» What to do: Reproduce exactly, and solely, the lines running from the top of the data below through the line with "Tiga Pilar Desa", both inclusive. Omit pictures.

(Caption-style text data)
-- Opening Marker --
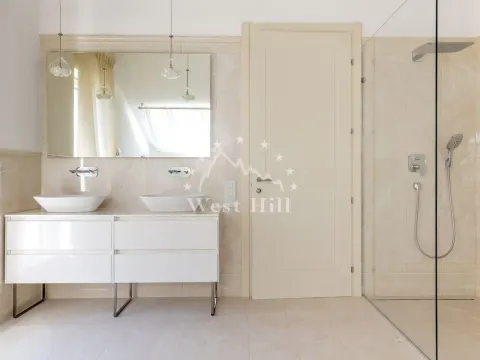 Sale, house, 423m², Lepetani, Tivat - image 25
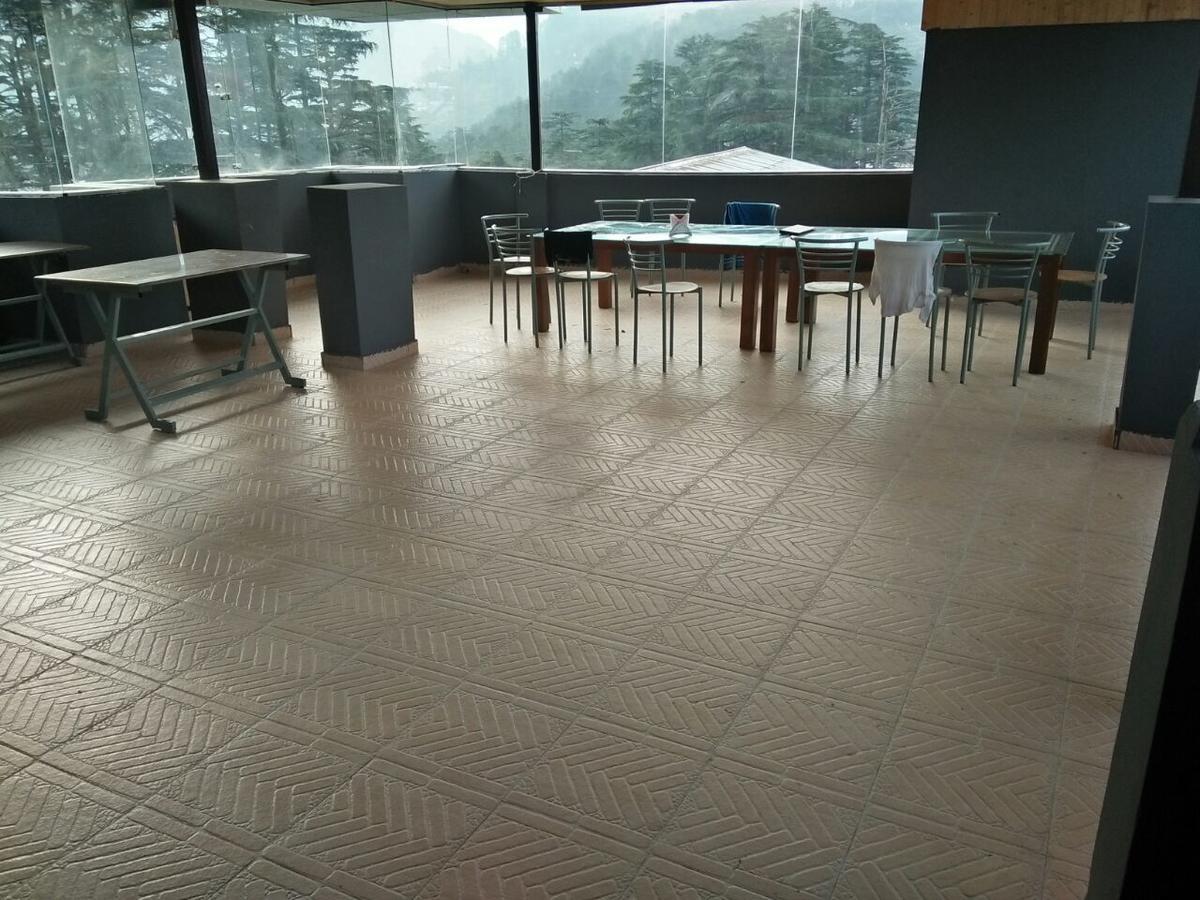 Oyo 11877 Royal Residency Hotel New Tehri Værelse billede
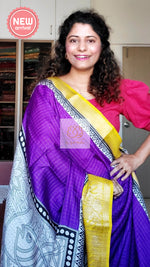 Load image into Gallery viewer, Zari Checks Dola Silk Saree - Purple
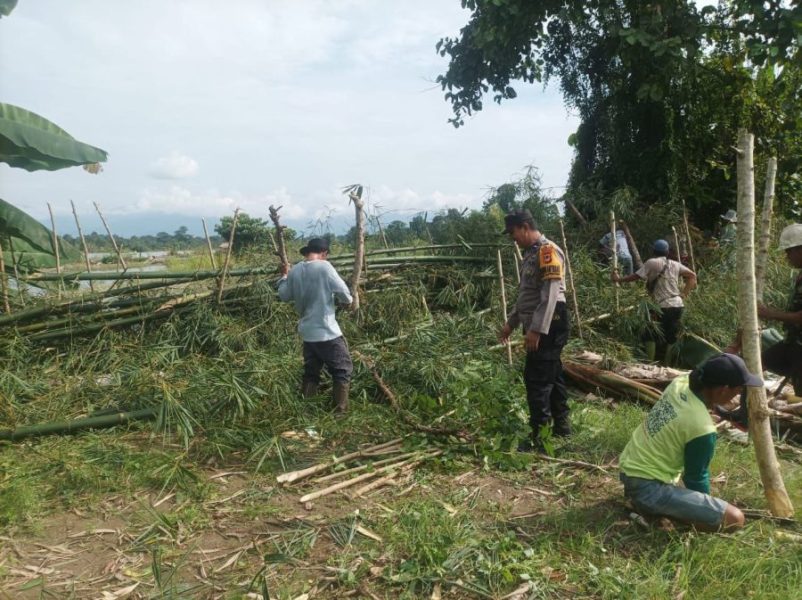 Tiga Pilar Desa Dampingi Warga dalam Giat Gotong Royong di Dusun Bone Kallua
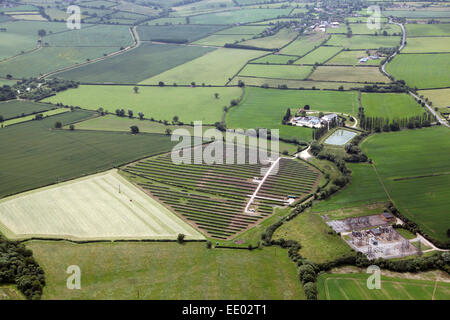 Vue aérienne d'une ferme solaire en Angleterre, Royaume-Uni Banque D'Images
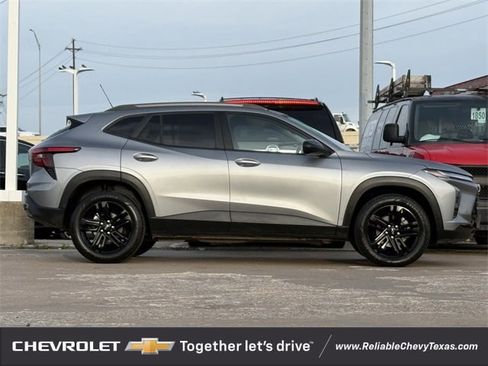 Certified 2025 Chevrolet Trax ACTIV image 6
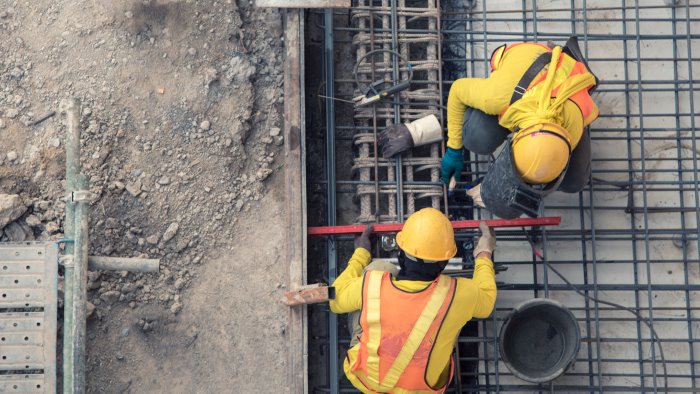 incidente sul lavoro operaio 61enne cade in un cantiere e grave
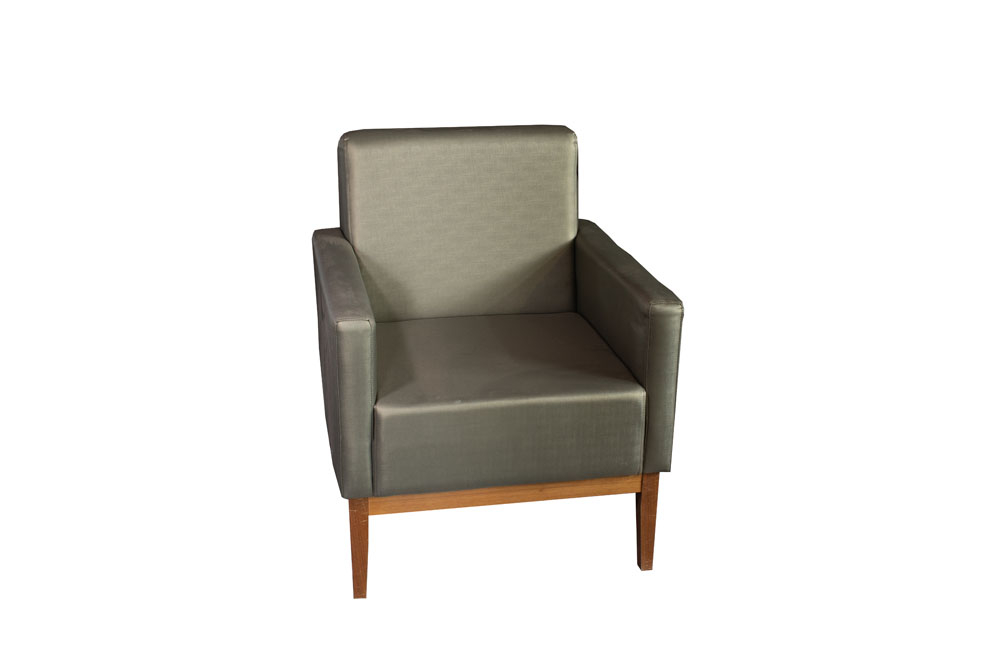 POLTRONA VERDE EM COURINO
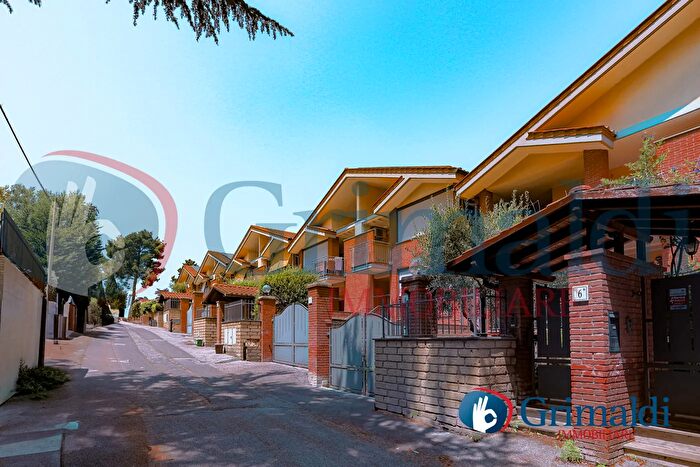 Appartamento bilocale in vendita in Via Giuseppe Cossu, Roma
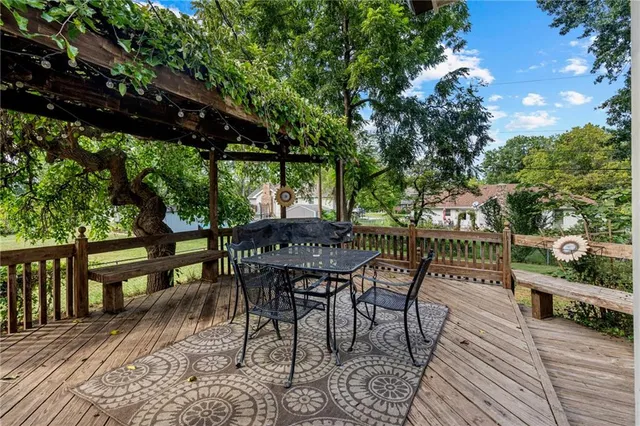 $305,000 | 2004 Maverick Trail, Harrisonville, MO 64701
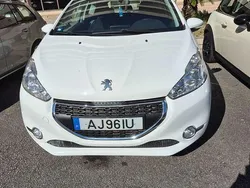 Usado 2013 Peugeot 208 Citadino | € 5.800 (Super Preço)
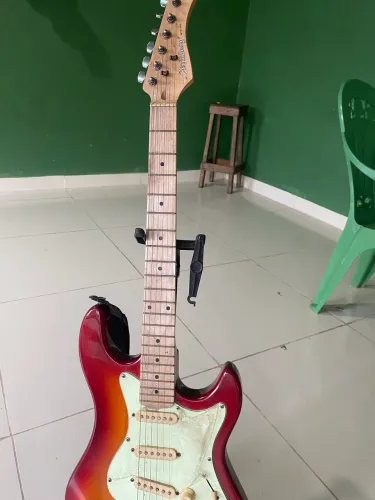 Guitarra strinberg 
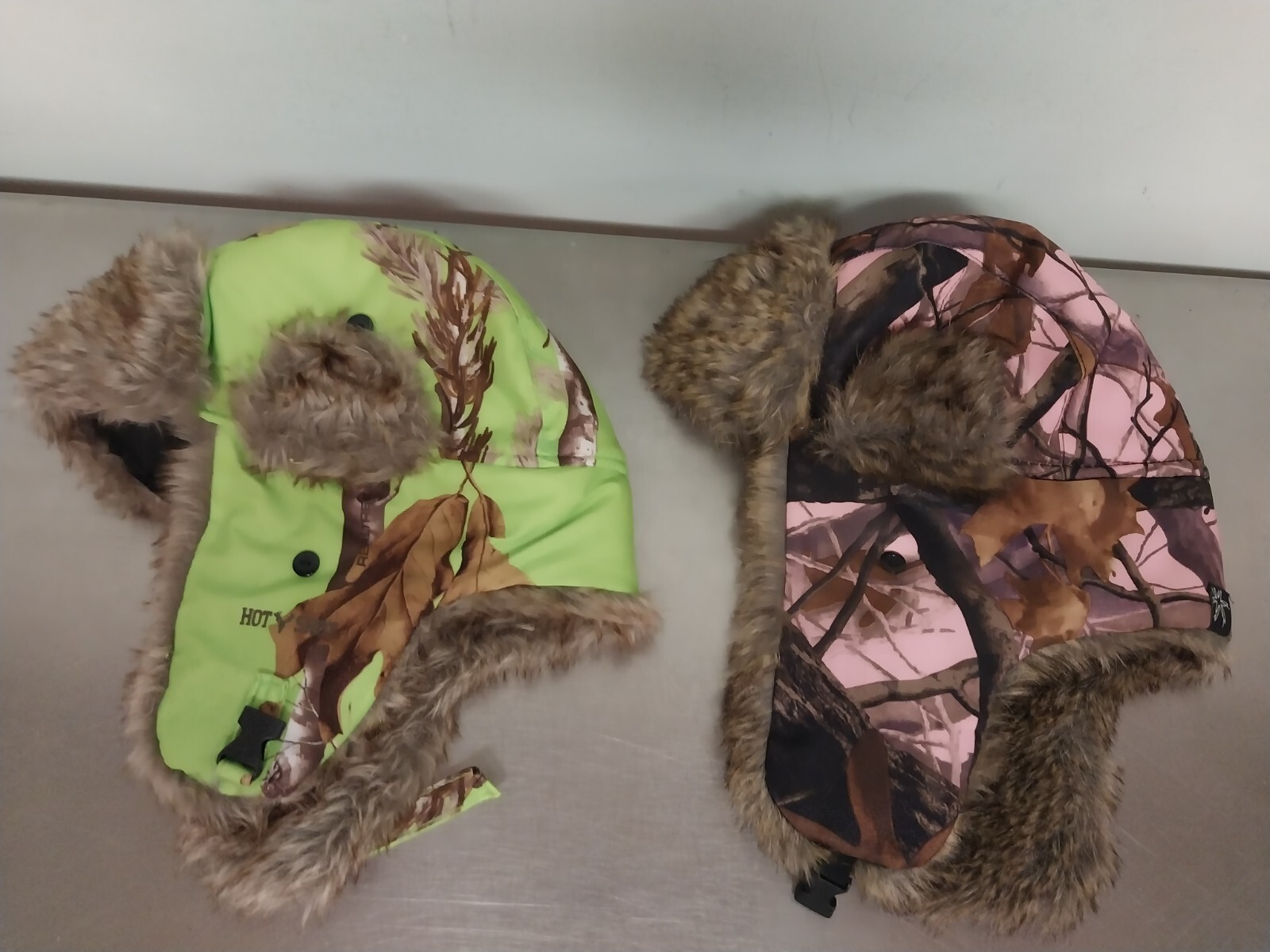 Hot Shot Thinsulate Adult Pink & Lime Winter Hats W/ Ear Flaps Realtree & Fur!
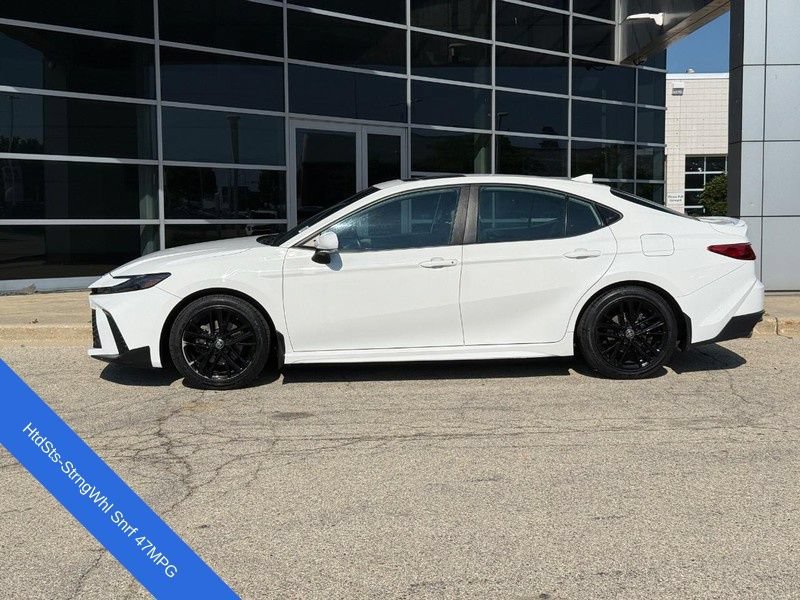 Used 2025 Toyota Camry SE w/ Convenience Package FWD image 6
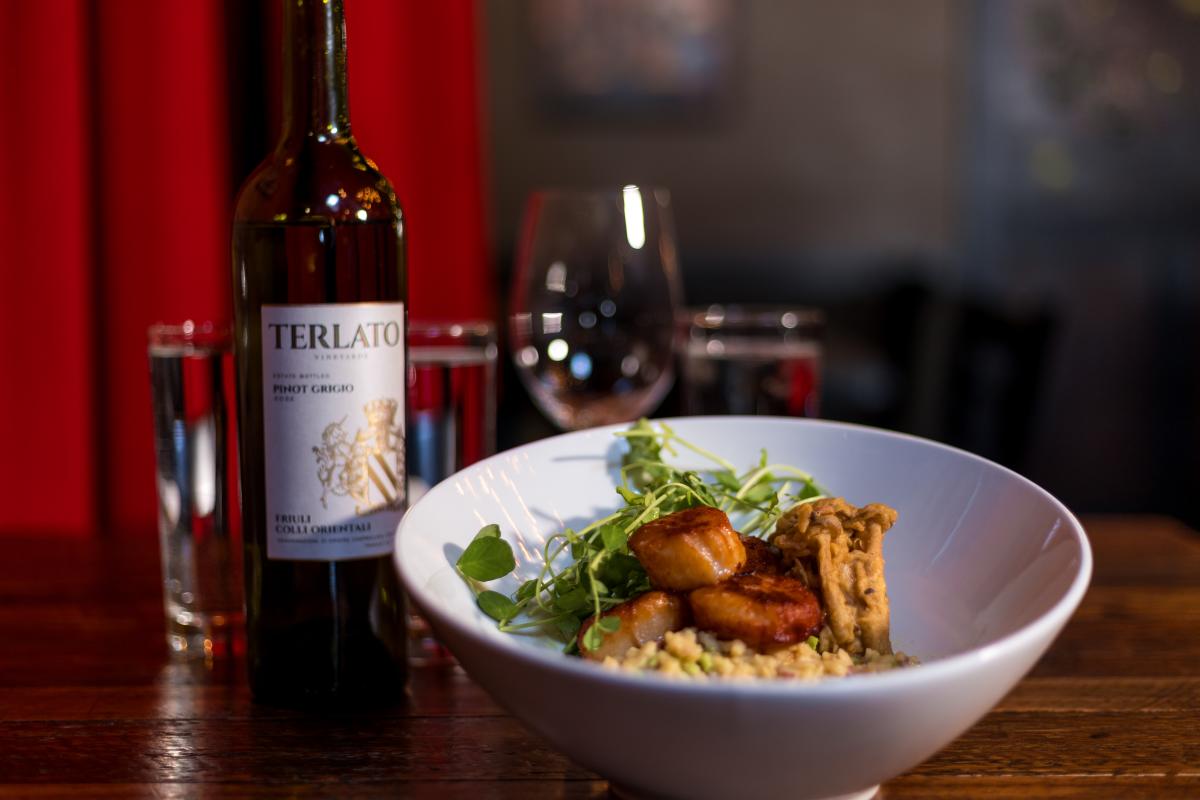 Food and Drink at El Moro Tavern During Spring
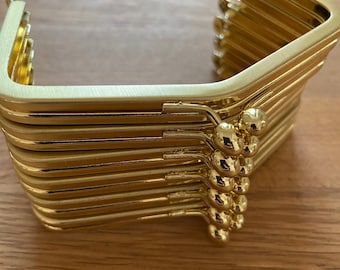 Set of 6 gold metal frames, 8cm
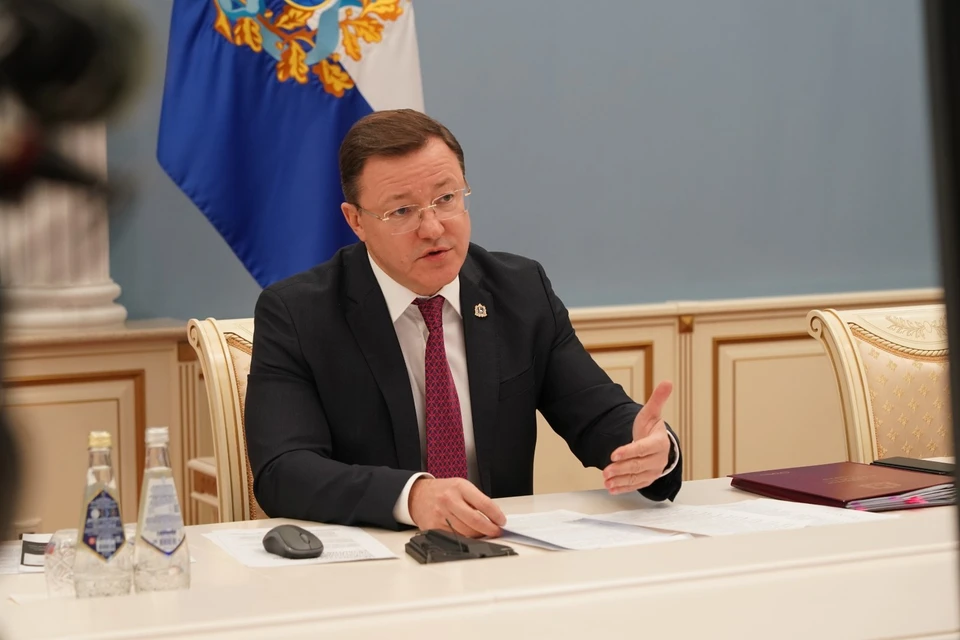 Дмитрий Азаров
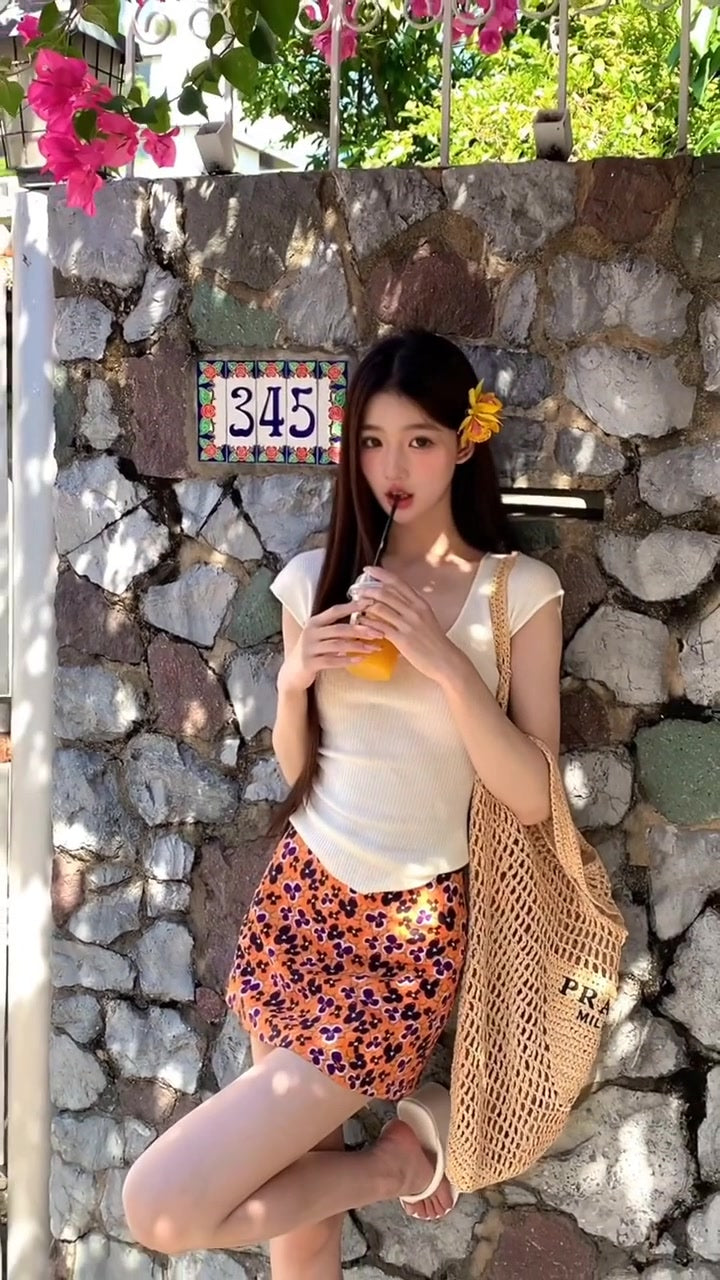 Vacation style outfit sexy hot girl beautiful knitted top floral skirt two-piece skirt R0893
-- Closing Marker --
» Exercise solution:
 Sale, house, 423m², Lepetani, Tivat - image 25
 Oyo 11877 Royal Residency Hotel New Tehri Værelse billede
 Load image into Gallery viewer, Zari Checks Dola Silk Saree - Purple
 Tiga Pilar Desa Dampingi Warga dalam Giat Gotong Royong di Dusun Bone Kallua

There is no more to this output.